EXERCISE PROMPT:
Will you output all of the data below exactly, omitting the images?

SUPPLIED DATA:
■ ■ ■ ■ ■

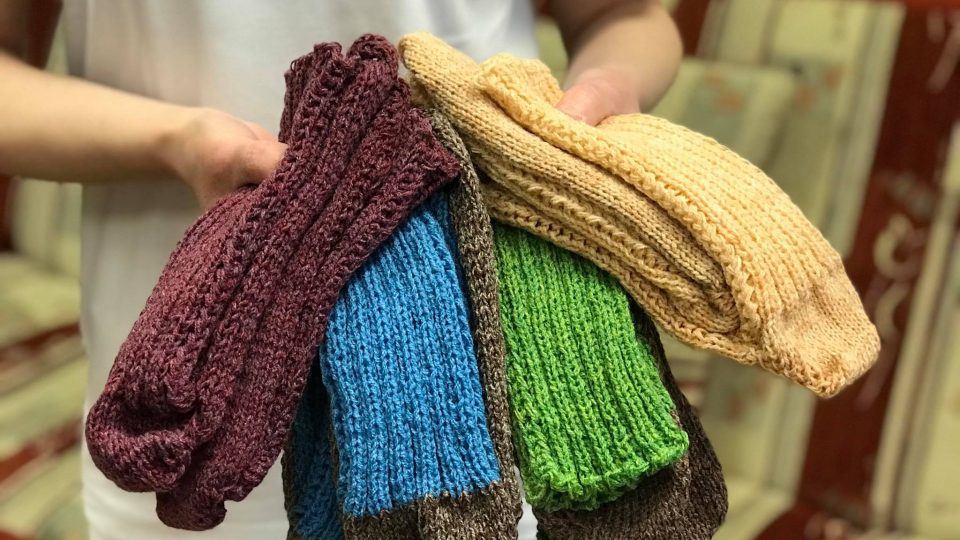Náchodská nemocnice žádá veřejnost o pletené ponožky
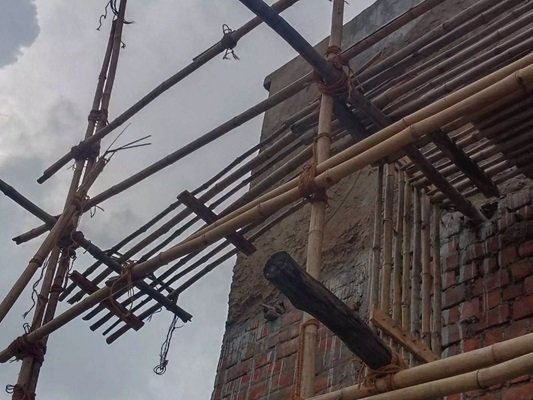CG : प्लास्टर करते समय मजदूर गिरे एक की मौत,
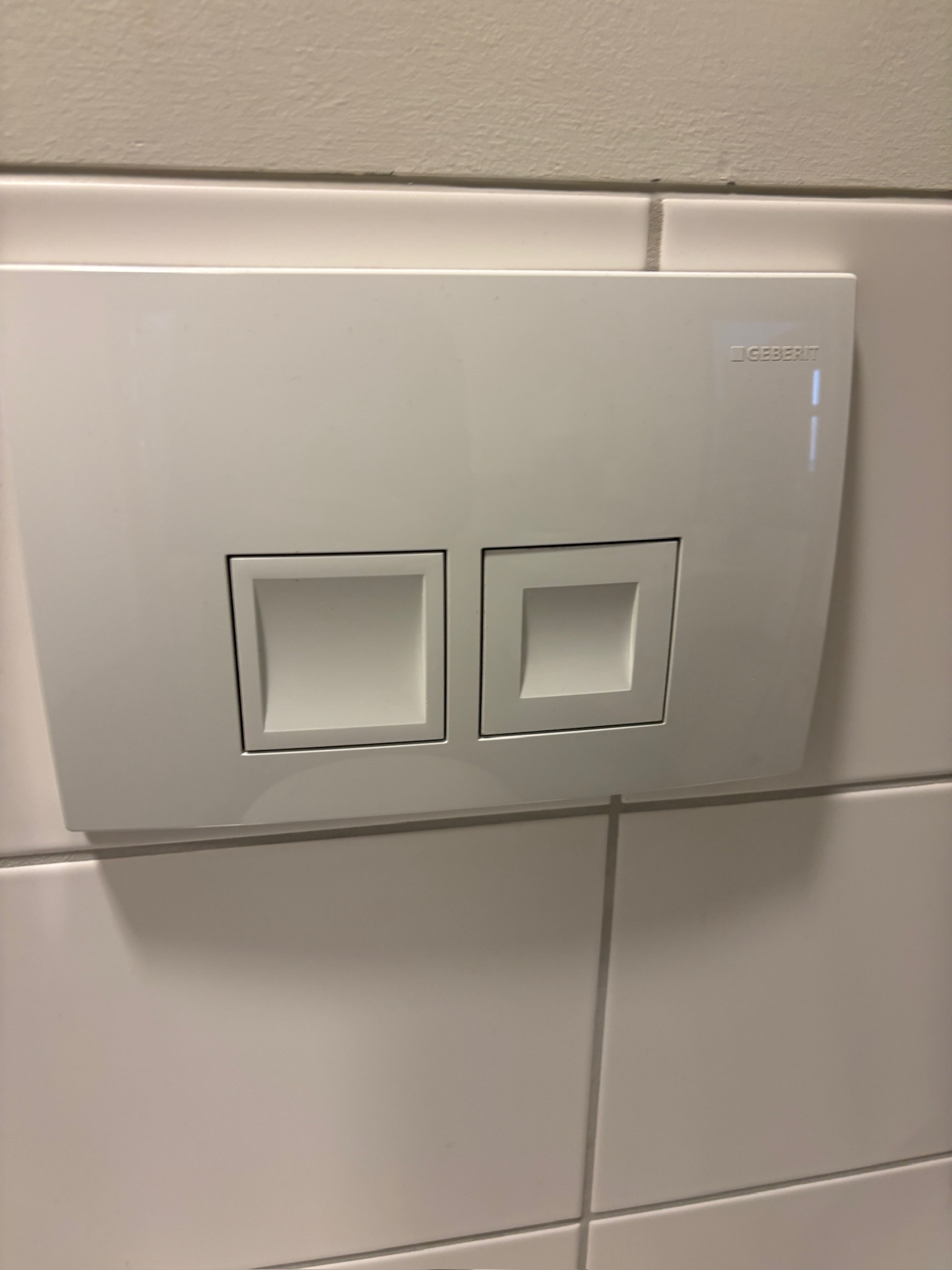 SELT / SOLD vegghengt salerni / WC fyrir fatlaða með hæglokandisetu (2 stk. 9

■ ■ ■ ■ ■

ANSWER TO THE PROBLEM:
Náchodská nemocnice žádá veřejnost o pletené ponožky
CG : प्लास्टर करते समय मजदूर गिरे एक की मौत,
 SELT / SOLD vegghengt salerni / WC fyrir fatlaða með hæglokandisetu (2 stk. 9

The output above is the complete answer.